The visit of Japan’s royal couple to India, the first in the history
of India-Japan relations, deserved greater attention by our media. The
government did make special gestures to underline the visit’s
importance, with the Prime Minister receiving the couple at the airport
and the External Affairs Minister acting as the Minister-in-waiting. But
the media did not amplify the government’s political signals, which a
mature media with geopolitical sense should have.
Special
Our media gives excessive coverage to visits by the US President or
Pakistani leaders, down to frivolous details of fashion and food. The
coverage of the royal couple’s visit was muted by comparison, even
though much could have been said about the exceptional dignity and grace
of the guests. Perhaps the Japanese side may not have wanted to promote
celebrity coverage of the visit, as that might have been incompatible
with the relationship of respect and distance between the Japanese
public and the royal couple. Nonetheless, we seemed to have lost the
sense of the moment, as the visit of the Emperor and Empress of Japan- a
2600 years old monarchy- had special significance in historical terms.

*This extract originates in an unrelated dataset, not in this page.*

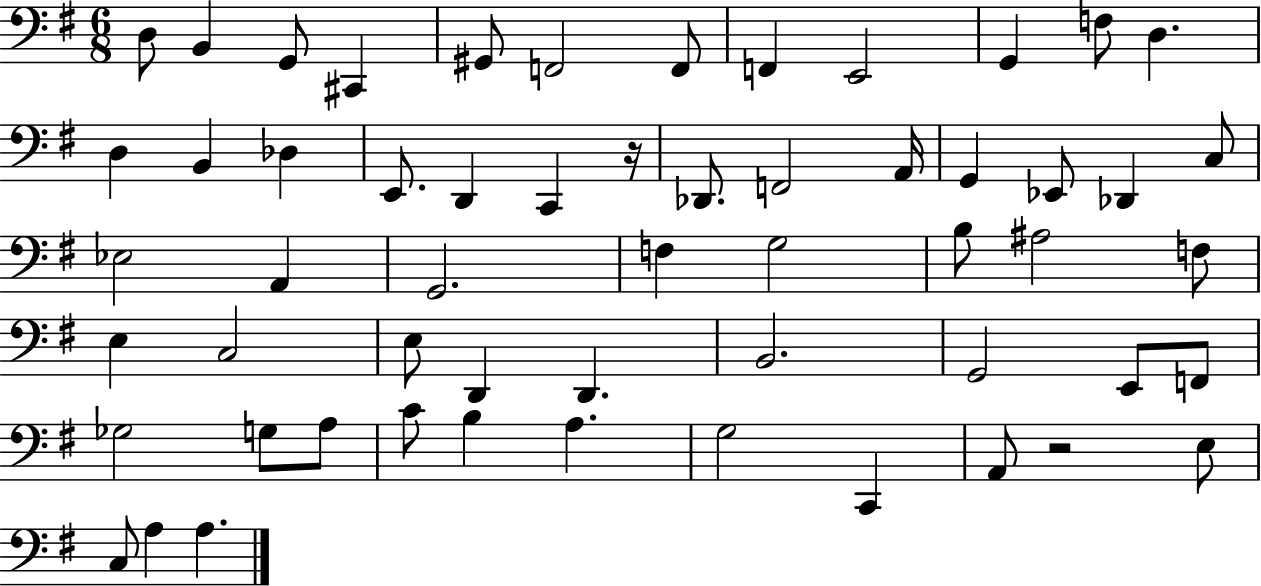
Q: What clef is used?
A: bass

The rising tensions between Japan and China unduly coloured the media
commentary on the visit. No doubt India and Japan see a shared interest
in dealing with the challenges posed by an increasingly assertive
China. The visit of the royal couple coincided with China’s declaration
of a new Air Defence Identification Zone (ADIZ) that covers the disputed
Senkaku islands, which made the China dimension of the developing
India-Japan strategic partnership more topical.

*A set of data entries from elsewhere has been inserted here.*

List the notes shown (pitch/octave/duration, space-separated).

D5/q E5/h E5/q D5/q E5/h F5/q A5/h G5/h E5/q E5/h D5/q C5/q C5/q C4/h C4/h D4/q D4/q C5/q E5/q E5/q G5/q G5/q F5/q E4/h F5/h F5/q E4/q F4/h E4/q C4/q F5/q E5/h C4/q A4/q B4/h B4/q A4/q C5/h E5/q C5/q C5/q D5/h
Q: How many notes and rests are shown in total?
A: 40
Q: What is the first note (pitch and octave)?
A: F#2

The Japanese political managers of the royal visit rightly did not
want to narrow its purpose by overemphasising the China context. To
avoid unnecessary China-baiting and put matters in perspective, they
briefed the media on the comparative content of the Japan-China and the
Japan-India relationships, showing dramatically how the latter is a pale
shadow of the former. Japan’s $345 billion trade with China far
surpasses the $18.5 billion trade with India. China is Japan’s largest
trade partner, with Japan’s FDI there totalling $69 billion in 2011, as
against its $ 15.9 billion total investment in India. 80,000 Chinese
were studying in Japan in 2009 compared to India’s 541. Whatever the
degree of deterioration in Japan-China ties, the stakes the two have in
each other are enormous.
Japan has been Asia’s leading Asian power for long, regaining that
position soon after its devastation during the second World War. For the
last two decades, the Japanese economy, suffering from persistent
deflation, has eroded Japan’s international standing, with the perceived
failure of the Japanese economic model, the country’s fractious
politics and the social challenges generated by its ageing population.
Disparity
During this period China has risen, becoming now the world’s second
largest economy and the largest exporter too. Political pundits note
that never in history have China and Japan risen together and that when
one has been rising the other has been in decline, a point that even
Chinese diplomats openly make.
Would this mean that if Prime Minister Shinzo Abe wants to revive
Japan’s economy and its international status, putting Japan once again
into an upward curve, he is inevitably putting his country into a
collision course with China? Closer analysis will show that while Japan
has been a formidable power economically, it has been politically
undersized because of its defence dependence on the US and the post-war
limitations imposed on its defence establishment constitutionally by the
US. China’s exaggerated ventilating of its historical grievances about
Japan is self-serving as it seeks to give political and moral
justification for its actions that stoke tensions in the East China Sea.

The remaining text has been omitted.